The World Security Report — compiled by Allied Universal, the world’s biggest security company — surveyed 2,352 chief security officers (CSOs) from 31 countries, representing companies with a combined revenue of more than $25-trillion.

The report contains inputs from 200 global institutional investors who manage more than $1-trillion in assets.

"The threat of violence to senior company executives has increased, according to 42% of CSOs," the report says. "Concerns are growing that societies are becoming more violent and this is spilling over to affect the people and assets of businesses."

Institutional investors surveyed placed a hefty premium on executive protection — the majority of respondents believing internal or external security incidents could affect the value of a publicly listed company by 32%.

"Nearly a quarter (23%) of publicly listed companies surveyed experienced a decline in stock price in the last year as a result of an internal or external security incident," the report says.
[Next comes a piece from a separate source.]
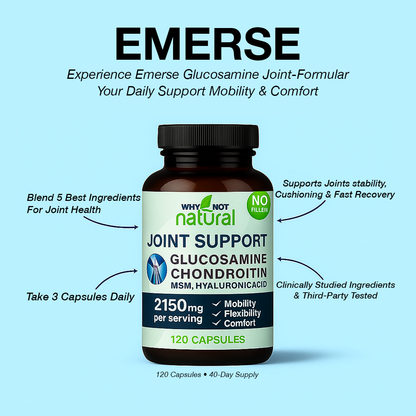 Emerse Joint Support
On average, companies lost $9m in revenue due to a security incident, it adds.

Regarding physical security, the report notes that institutional investors were even more worried on this score than CSOs.

"[A total of] 92% of institutional investors surveyed said physical security should be a higher strategic priority for businesses, compared to 82% of CSOs. That indicates institutional investors are even more concerned about physical security than those at the forefront managing it day to day."

Christo Terblanche, regional president of G4S Africa, told Business Times more than three-quarters of South African companies reported being targeted by criminal violence in the past year — one of the highest rates globally — with executives increasingly feeling threatened.

While the report noted a 28% rise in physical threats to top executives in South Africa, local companies were found to be better prepared to handle such incidents.

"The [report] shows that 28% of South African CSOs reported an increase in threats of violence toward executives, yet local companies are among the best prepared globally, with higher than average levels of executive protection, threat monitoring and crisis preparedness."

Terblanche said this proactive stance was helping to reduce incidents.

G4S’s methods were "specifically focused around intelligence gathering, planning … [and] what we call journey management, and a lot of other proactive measures to protect executives from being exposed."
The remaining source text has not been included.